Once a player has bought all the properties in a block, he can start buying houses. The more houses on a property, the higher the rent. When a player has accumulated four houses on any given property, he may opt to buy a hotel with the four houses plus cash. A hotel jacks up the rent dramatically.
My strategy was to go for the mid-priced properties. Once I have bought all the properties in a block, I started buying houses. I was able to buy up two mid-priced blocks and one low-priced block.
Speedy’s strategy was to go for the highest-priced properties. Alex was buying up the utilities. I didn’t know what Sam’s strategy was. Well, except that she participated in each and every bidding — not really buying but only to jack up the prices so that the winner would end up paying more than necessary.
So, it came to a point where I had three hotels and more than a dozen houses. What can I say? I was relentless; I always play to win, games or real life. Every time they landed on any of my hotels, they had to pay a thousand dollars rent. Pretty soon, Alex and Sam were bankrupt. Since they could no longer pay rent, I started to accept payment in kind. They paid with their property deeds.

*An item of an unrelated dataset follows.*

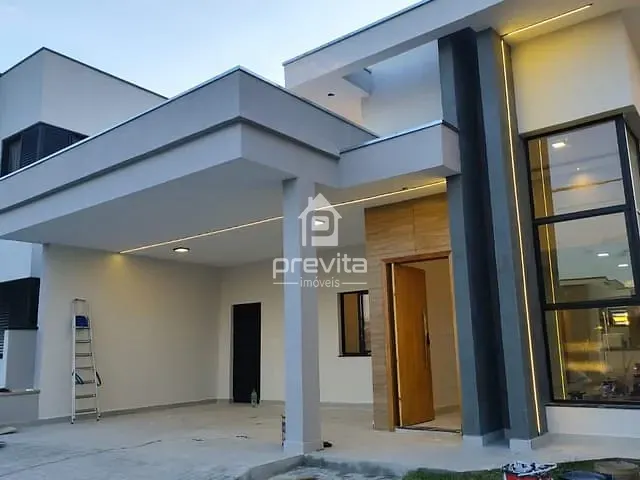 Casa 3 quartos e 2 banheiros, à venda ou para alugar, no bairro Caçapava Velha em Caçapava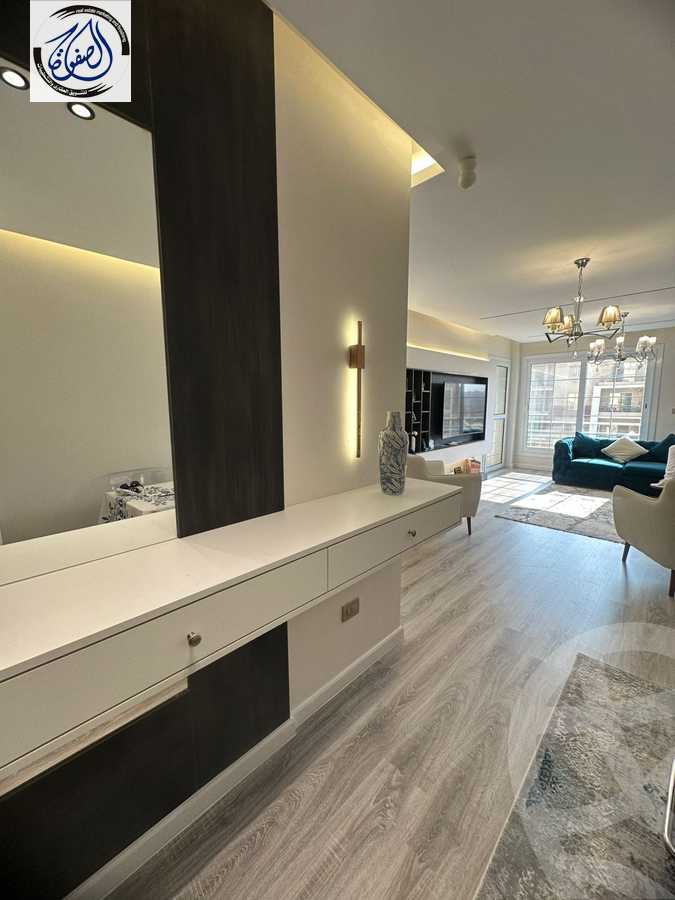https://aqarmap.com.eg/en/listing/6237970-for-sale-cairo-new-cairo-dar-misr-dar-misr-el-andalous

Then, we reached a point when they were running out of properties. I started giving them my deeds. I gave Sam the deeds to three properties (that’s an entire block and all the properties had two houses each). Alex owed me 950 dollars in rent and couldn’t pay so I loaned her two utilities — the electric and water companies — and told her to use the rent to raise cash and she could pay me when she had enough profits.

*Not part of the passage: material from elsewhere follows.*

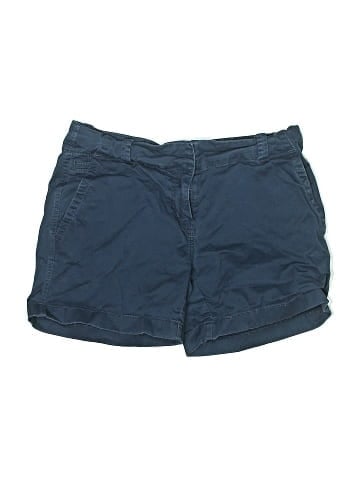 Tommy Bahama Shorts (view 1)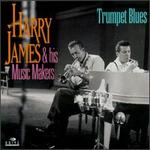Trumpet Blues [Drive]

See, I realized that you can own all the properties and still come out the loser. If everyone else was bankrupt, what would I do with all the properties when no one could afford the rent? No one could transact with me anymore. In short, the game would have ended unless I started bailing them out so they could have a second wind.
That was when Speedy started exhibiting those long looks. He wasn’t happy. So, I gave him a free jail pass worth 50 dollars. I mean he owned the most expensive property; I figured he would survive the game.
Then, everyone felt hungry. It was almost midnight and we didn’t have bread. Speedy drove to Pan de Manila while the girls and I prepared everything we’d need to make sandwiches. After the midnight snack, that was when Speedy blurted out, “Madaya ka; may favoritism ka!”
We never finished the game. Maybe we’ll play again tonight.